Microglia processes constantly move as they survey the surrounding environment.
Microglia can modify activity-dependent changes in synaptic strength between neurons that underlie memory and learning using classical immunological signaling pathways…
This is further validated in a more recent comprehensive study (see: http://journal.frontiersin.org/article/10.3389/fnint.2015.00073/full ).
Their dynamism and functional capabilities position them perfectly to regulate individual synapses and to be undoubtedly involved in optimizing information processing, learning and memory, and cognition.
Microglia are even able to communicate with neurons by neurotransmitters (see: http://www.ncbi.nlm.nih.gov/pubmed/25451814 ) :
The presence of specific receptors on the surface of microglia suggests communication with neurons by neurotransmitters. Here, we demonstrate expression of serotonin receptors, including 5-HT2a,b and 5-HT4 in microglial cells and their functional involvement in the modulation of exosome release by serotonin.
There are in additional experimental evidence that sleep, also vital in learning, involves the Glial cells ( see: http://www.bbc.com/news/health-24567412 ):
Scientists, who imaged the brains of mice, showed that the glymphatic system became 10-times more active when the mice were asleep.

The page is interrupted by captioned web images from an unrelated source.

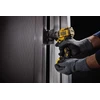 Akumuliatorinis suktuvas-gręžtuvas DeWalt DCD701N-XJ; 12 V; (be akumuliatoriaus ir pakrovėjo)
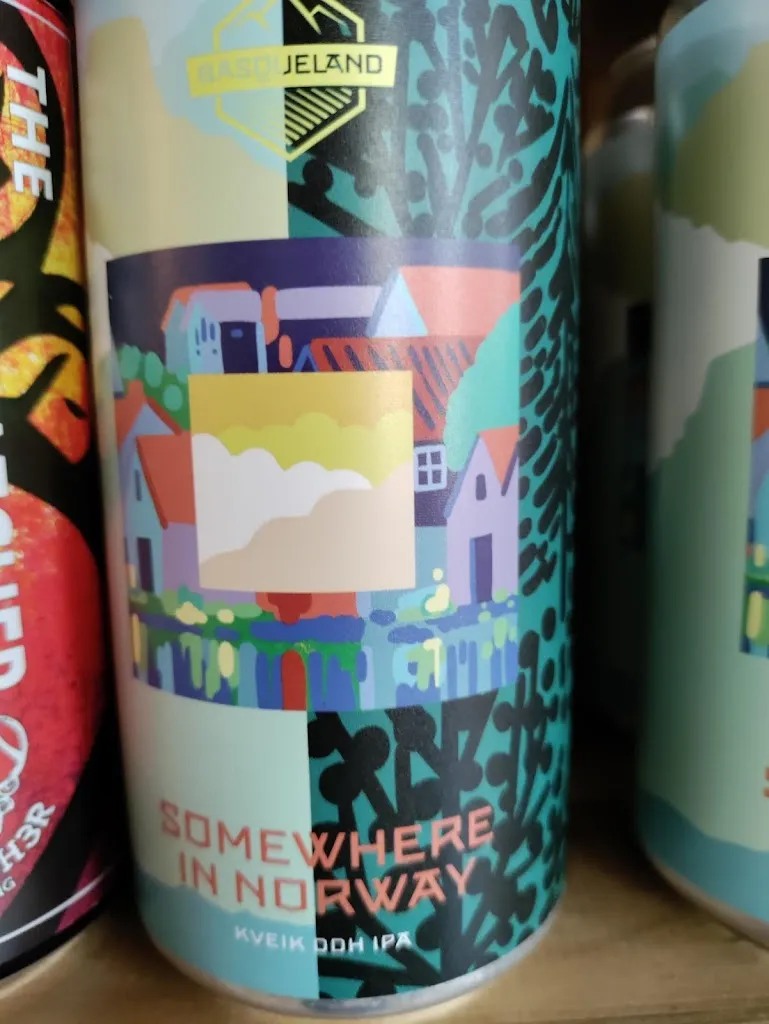 Menu_MANLLEUET Cerveseria Restaurant_Manlleu_image_9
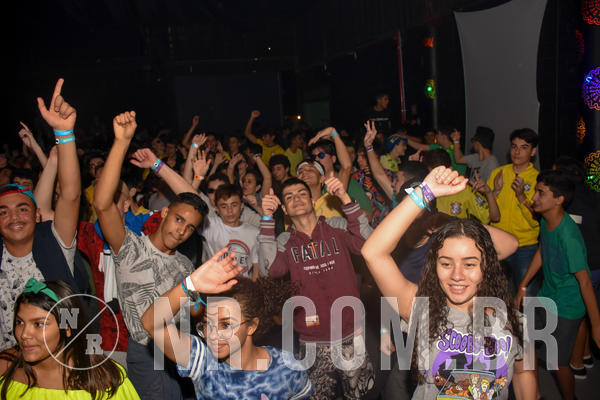 Buy your photos of the eventNR Fun - Resort Sto A. do Pinhal 02 a 06/10/19 on Fotop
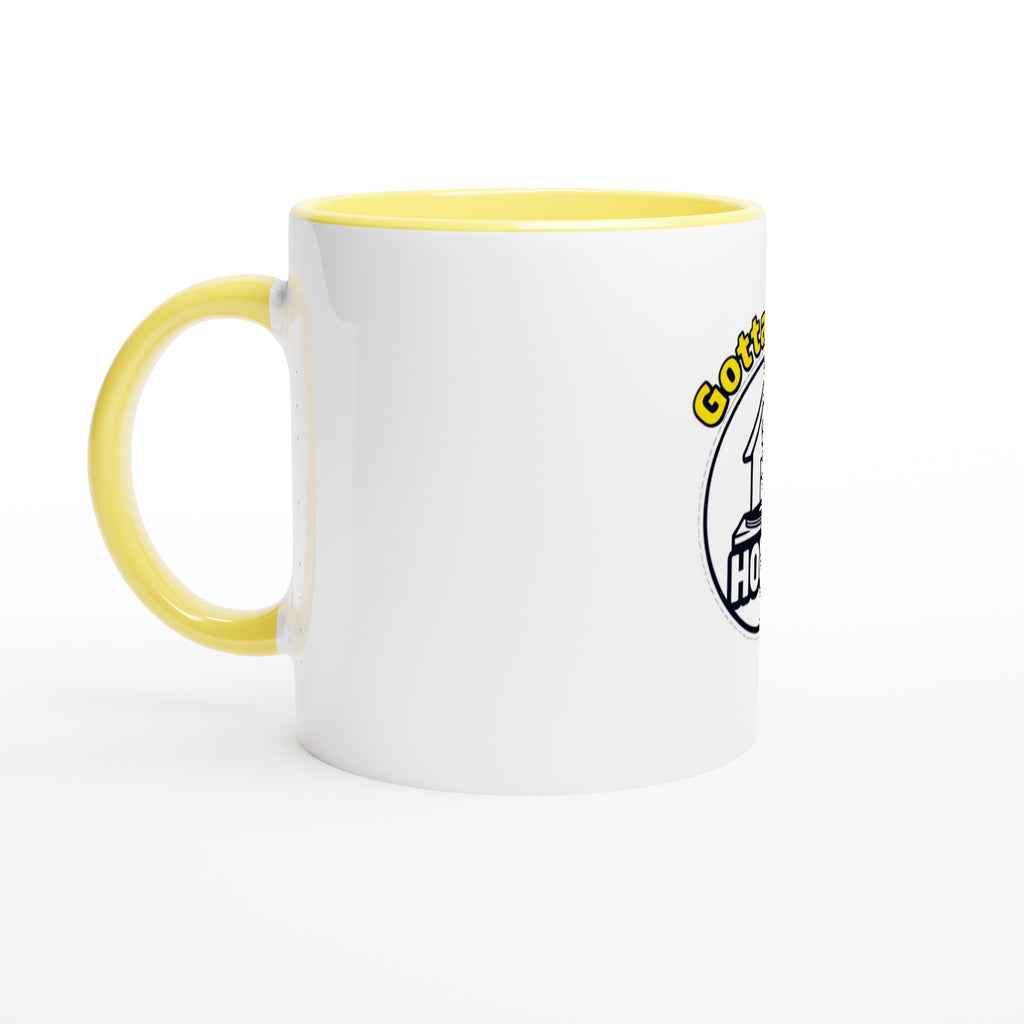 7233c447-2d75-4aee-8bef-eac351cc8968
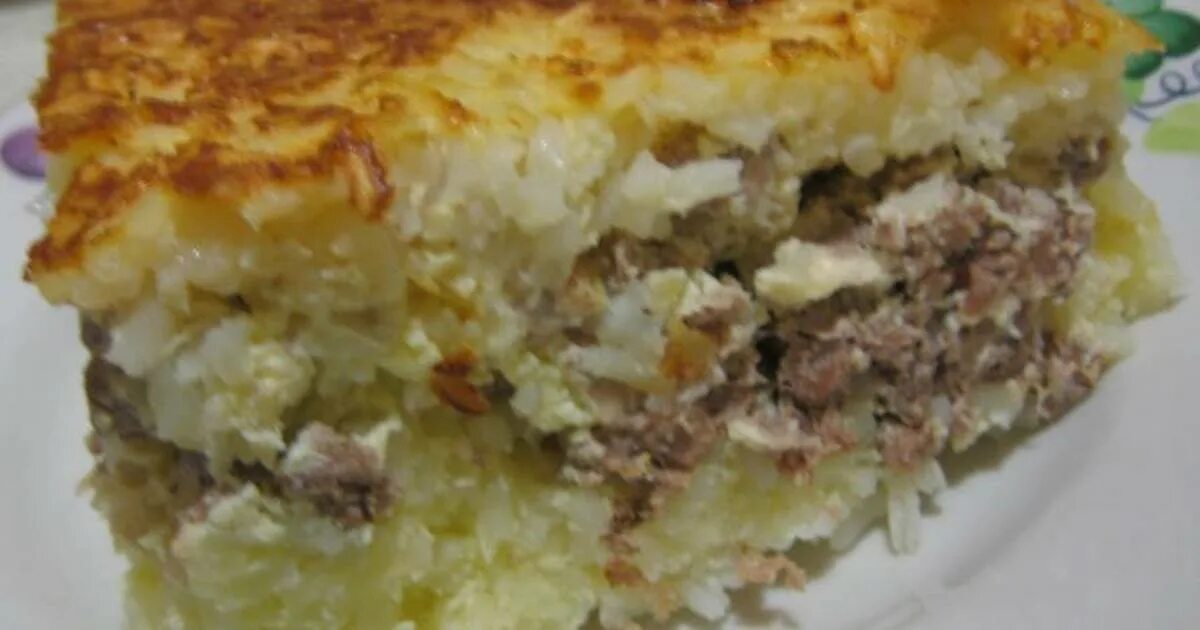Как приготовить рис с фаршем в духовке. Рисовая запеканка с фаршем в духовке. Как приготовить рис с фаршем в духовке. Мясные ёжики в духовке с подливкой. Кабачковая запеканка.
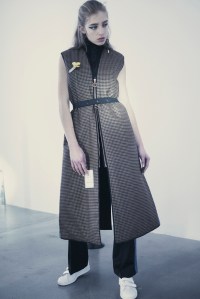 22/4 RTW Fall 2016
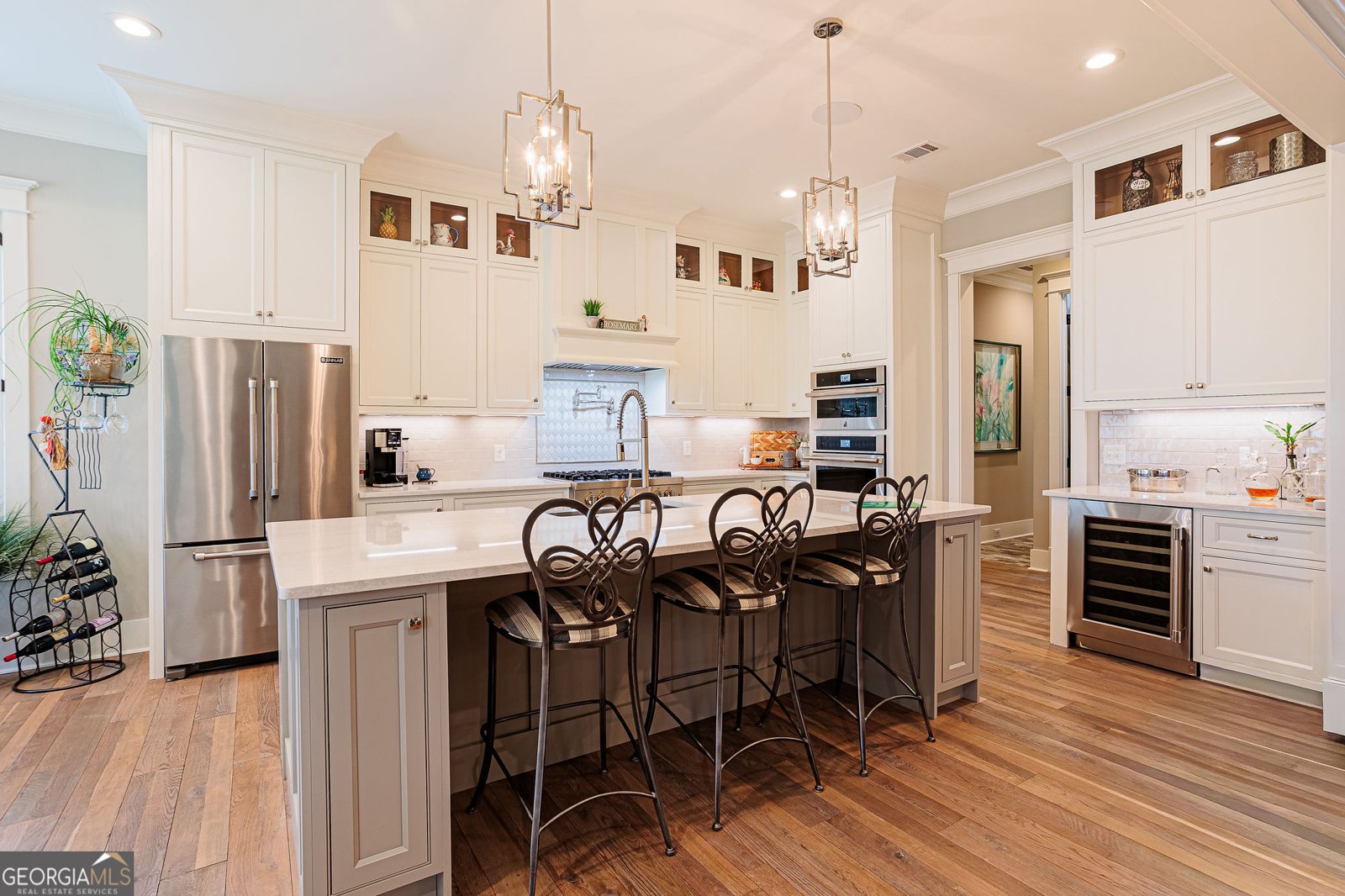 194 Wood Haven Lane Pooler - Photo 13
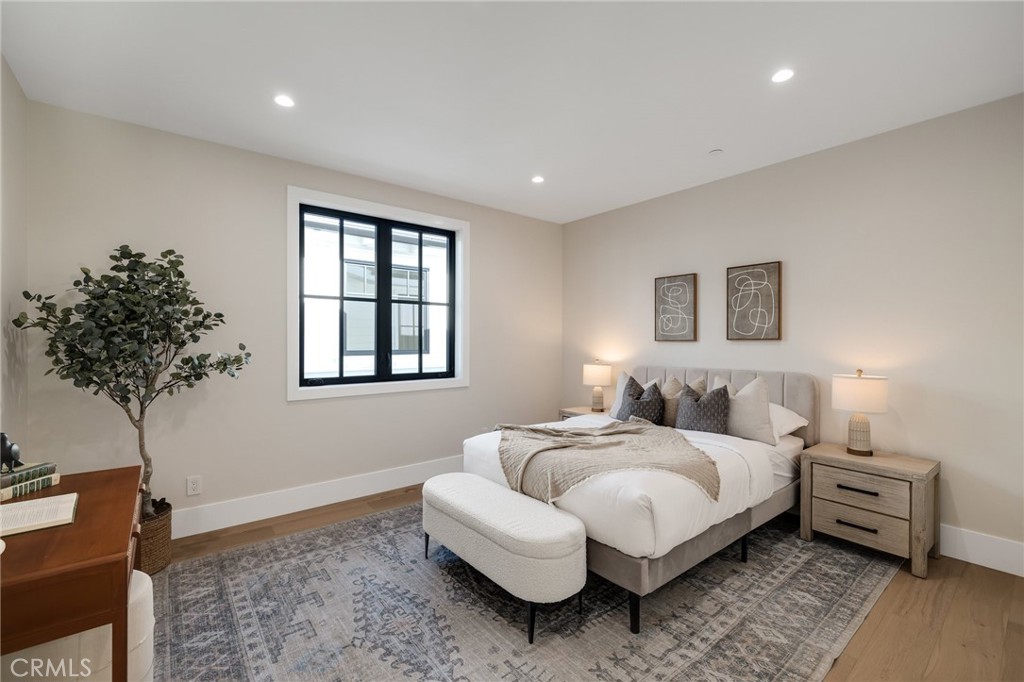 MLS #SB26052066 image #62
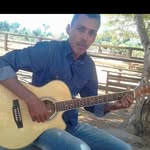 Daniel Fatel - @daniel.fatel.7 - Instagram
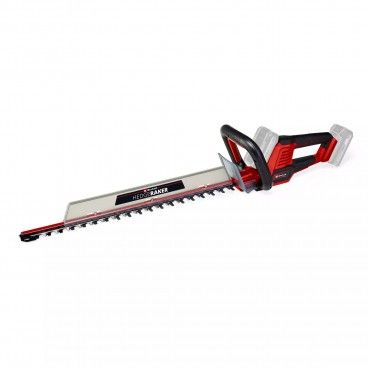 Corta-Sebes Einhell GE-CH 36/61 Li Solo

Back-propagation, perhaps at work, while we sleep?
In summary, biological brains have a regulatory mechanism in the form of microglia that are highly dynamic in regulating synapse connectivity and pruning neural growth. The activity is most pronounced during sleep. SNNs have been shown to have inference capabilities equivalent to Convolution Networks. SNNs however have not shown to effectively learn on their own without a ‘back-propagation’ mechanism. This mechanism is most plausibly provided by the microglia.